EXCERPTED RECORDS section start
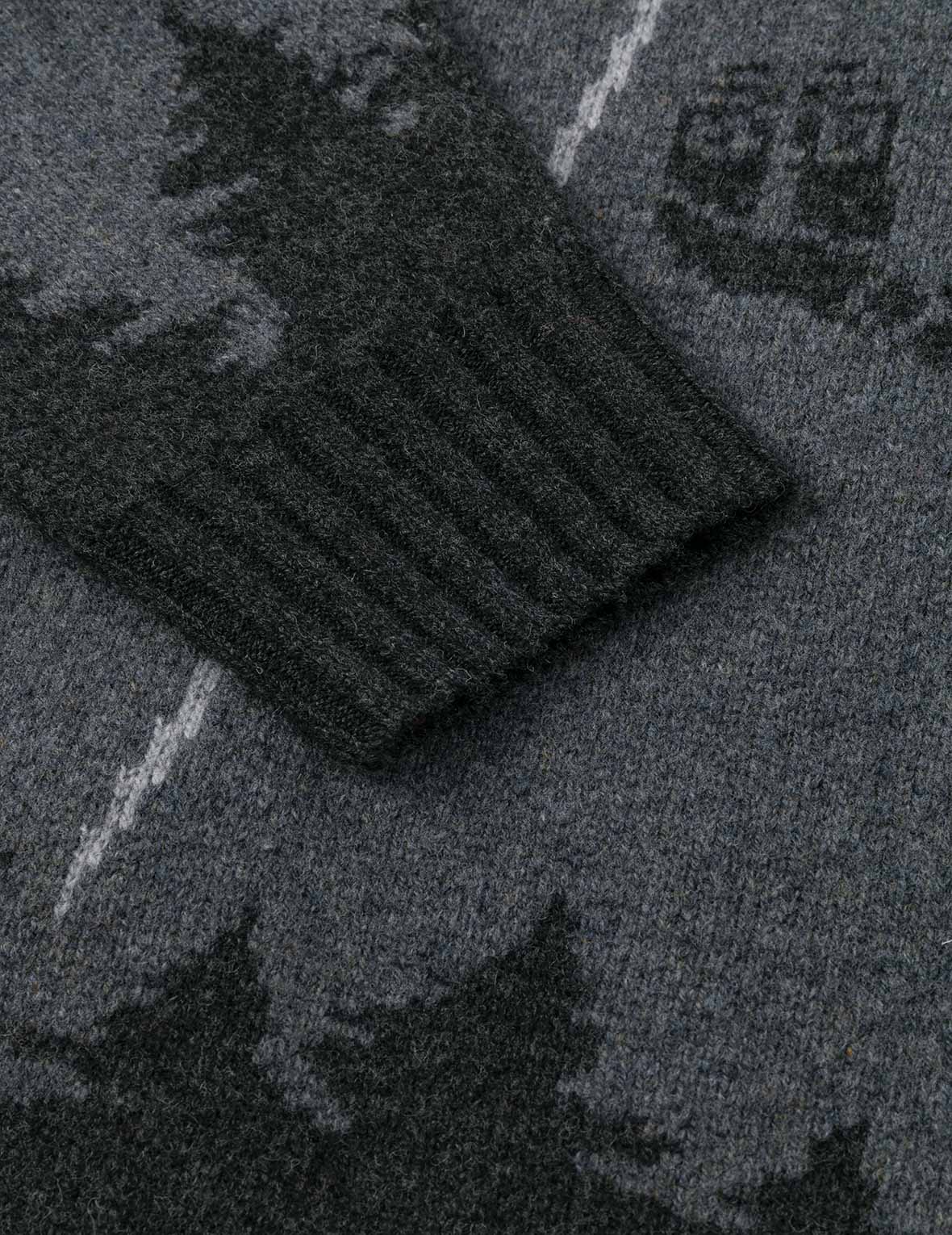 UFO and Cowichan Intarsia Patterns Relax Fit Knitted Sweatshirt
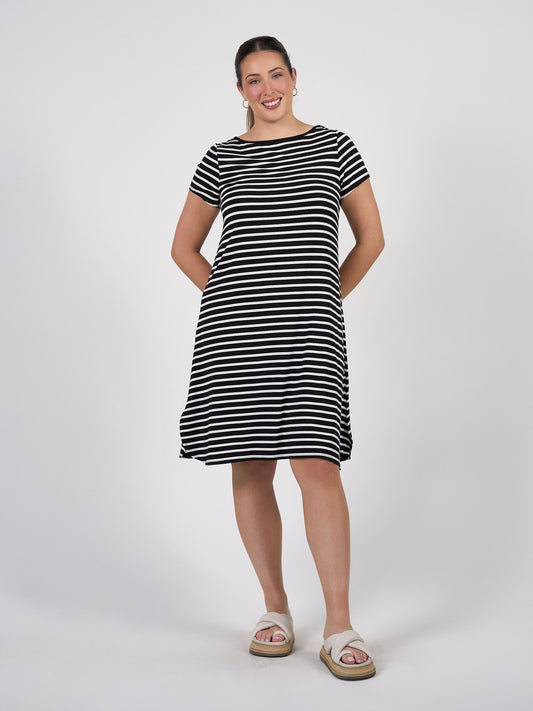 Lou Lou Cher Bamboo Short Sleeve T-Shirt Dress (Black & White Stripe)
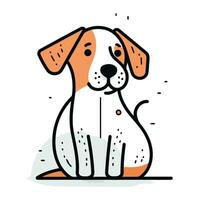 Cute cartoon dog. Vector illustration in doodle style.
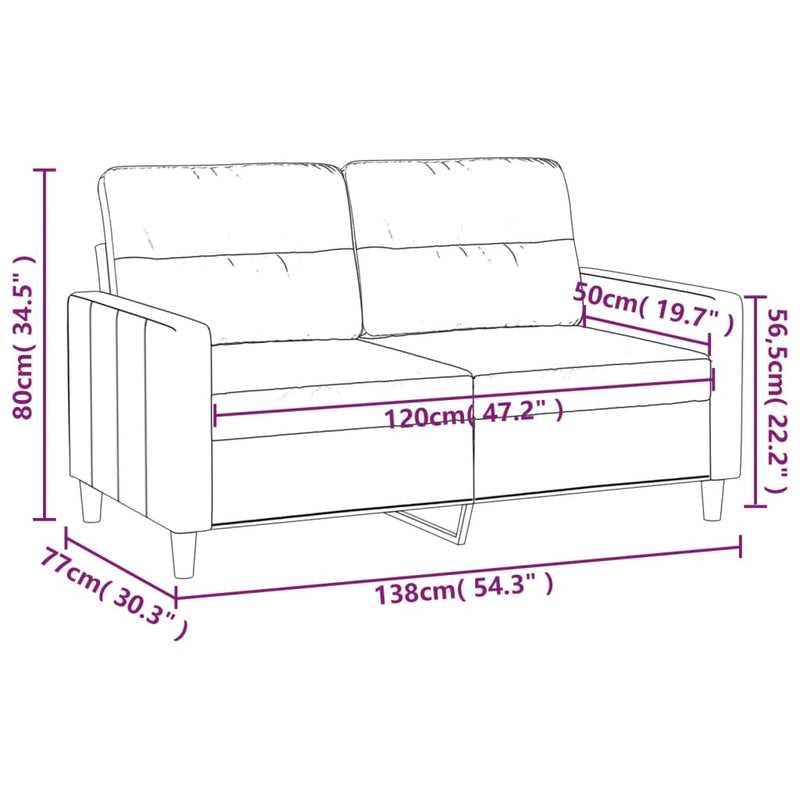 2-Sitzer-Sofa Creme 120 cm Stoff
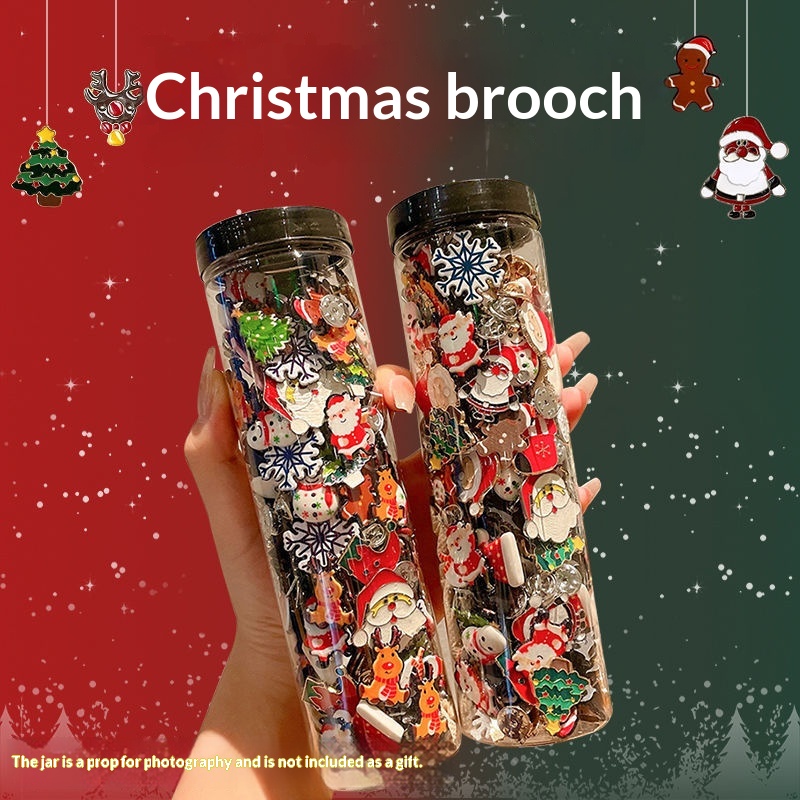 Christmas Cartoon Brooch Cute Santa Claus Small Gift Pin Accessory Badge Clothes Decoration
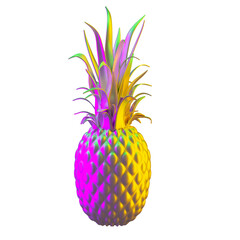 Metallic glossy pineapple model isolated in neon light. 3d rendering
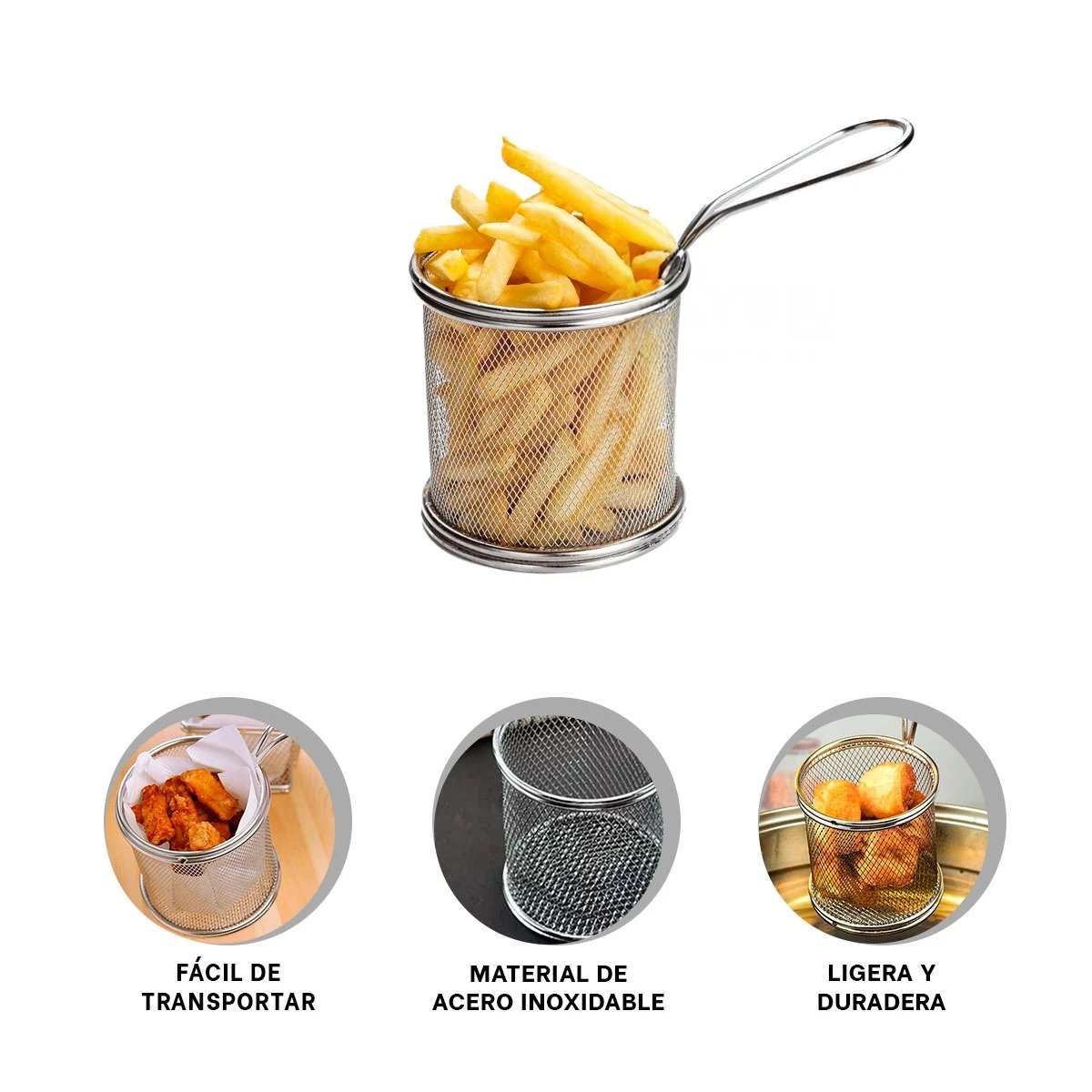 CESTA DE COCINA CIRCULAR EN ACERO PLATEADO PARA FREIR PAPAS Y+PAPEL REGALO - 5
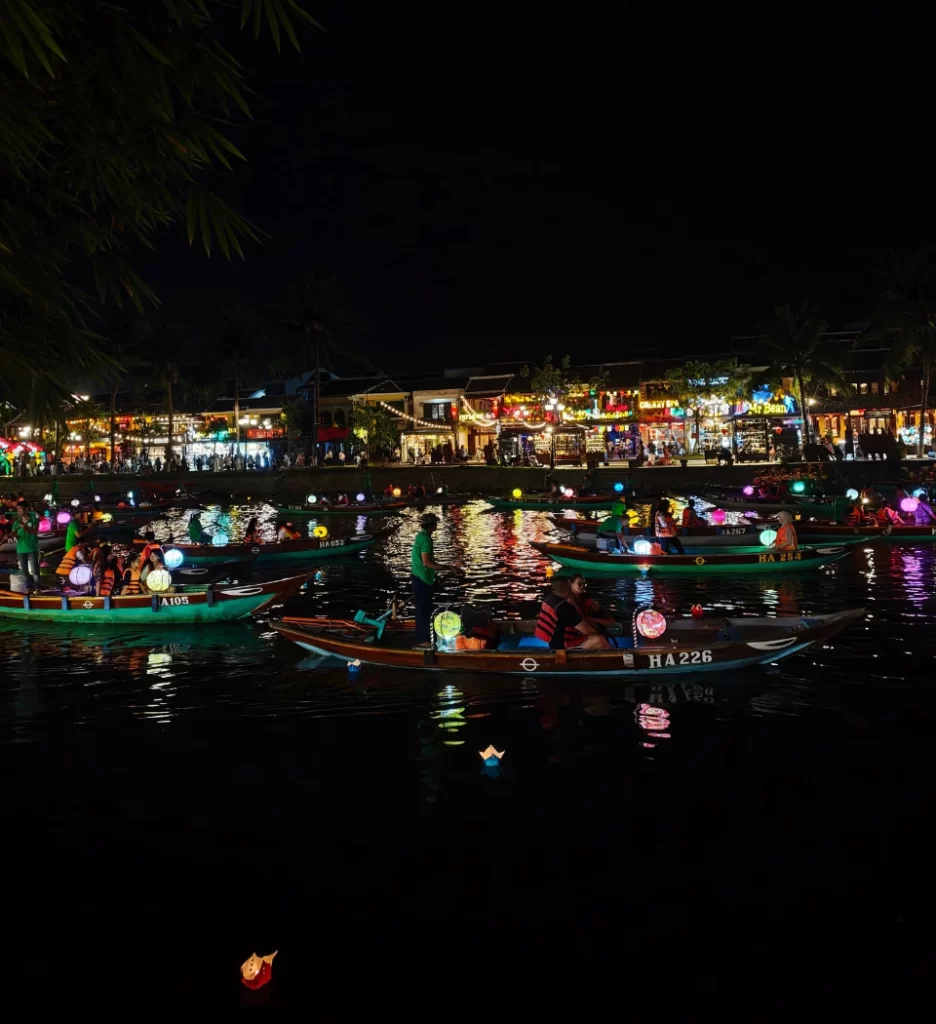 Night view of Hoi An riverside in Vietnam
EXCERPTED RECORDS section end
**WHAT IS EXPECTED**. Write the data above out again exactly, minus its pictures.

**COMPLETED TASK**.
 UFO and Cowichan Intarsia Patterns Relax Fit Knitted Sweatshirt
 Lou Lou Cher Bamboo Short Sleeve T-Shirt Dress (Black & White Stripe)
 Cute cartoon dog. Vector illustration in doodle style.
 2-Sitzer-Sofa Creme 120 cm Stoff
 Christmas Cartoon Brooch Cute Santa Claus Small Gift Pin Accessory Badge Clothes Decoration
 Metallic glossy pineapple model isolated in neon light. 3d rendering
 CESTA DE COCINA CIRCULAR EN ACERO PLATEADO PARA FREIR PAPAS Y+PAPEL REGALO - 5
 Night view of Hoi An riverside in Vietnam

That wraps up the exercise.